On some versions of Adobe Acrobat Pro, you can ensure that your PDF document has a logical reading order by going to Tools > Accessibility > TouchUp Reading Order > Show Order Panel, to be able to change the reading order of your document so can be properly read by screen readers.
Overall, on this point, it is easiest to avoid complex layouts, however, when needed you can either ensure that your document can be read in a logical order by screen readers by using Adobe Acrobat Pro.
To put it shortly: not unless a document is explicitly made for print usage, and print usage only, at which point it should be published with another version of the document in an accessible format, such as HTML.
The Government Digital Service (GDS), has even published an article specifically discouraging the use of PDF files in most scenarios in its blog post, titled "Why GOV.UK content should be published in HTML and not PDF" To quote the blog post from the organisation:
"Compared with HTML content, information published in a PDF is harder to find, use and maintain. More importantly, unless created with sufficient care PDFs can often be bad for accessibility and rarely comply with open standards."
They cover a range of issues, such as the fact that they are not able to change to fit the size of different screens, which especially becomes an issue when they are used on smaller screens such as smartphones, they are very hard to make somewhat accessible, they are not easily maintainable (to update things such as the layout and the standards of, say, 50,000 files, you would need to modify each one manually instead of being able to make changes in bulk, such as what can be done with most web content) and, unlike with most web content or word documents, users cannot adjust things such as colours and contrast, to be able to make a document easier for people to read.

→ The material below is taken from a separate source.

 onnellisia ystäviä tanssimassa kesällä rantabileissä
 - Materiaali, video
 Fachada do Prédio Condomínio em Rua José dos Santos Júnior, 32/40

Quite a lot of the time, it is just worth publishing something either as web content that has been made accessible or in formats such as odt (Open Document Text) files or OpenDocument format files, which can be made from within word, LibreOffice, OpenOffice or any modern document editor (and these pieces of software are free to use, unlike Adobe Acrobat Pro) This advice is echoed by the GDS.
Potential legal issues with publishing a document exclusively in PDF as a public sector organisation
Public sector organisations are required to, when publishing PDF documents on their website, provide the files in an alternative format, such as a webpage (HTML) or an OpenDocument format file. Whilst there are exemptions to this, such as for schools and colleges in cases where a document is not needed to be able to access basic services, quite a lot of time, exclusively publishing documents on your website in PDF format, as a public sector organisation, may potentially be in breach of The Public Sector Bodies (Websites and Mobile Applications) Accessibility Regulations 2018 if published after 2018.
Overall, despite PDF files initially seeming like an accessible format, there can be many issues with the ways that most modern PDF files are created in terms of accessibility. By following these steps and understanding how types of PDF differ, you can ensure that everyone, including those with disabilities, can access the information in your documents in an equal way.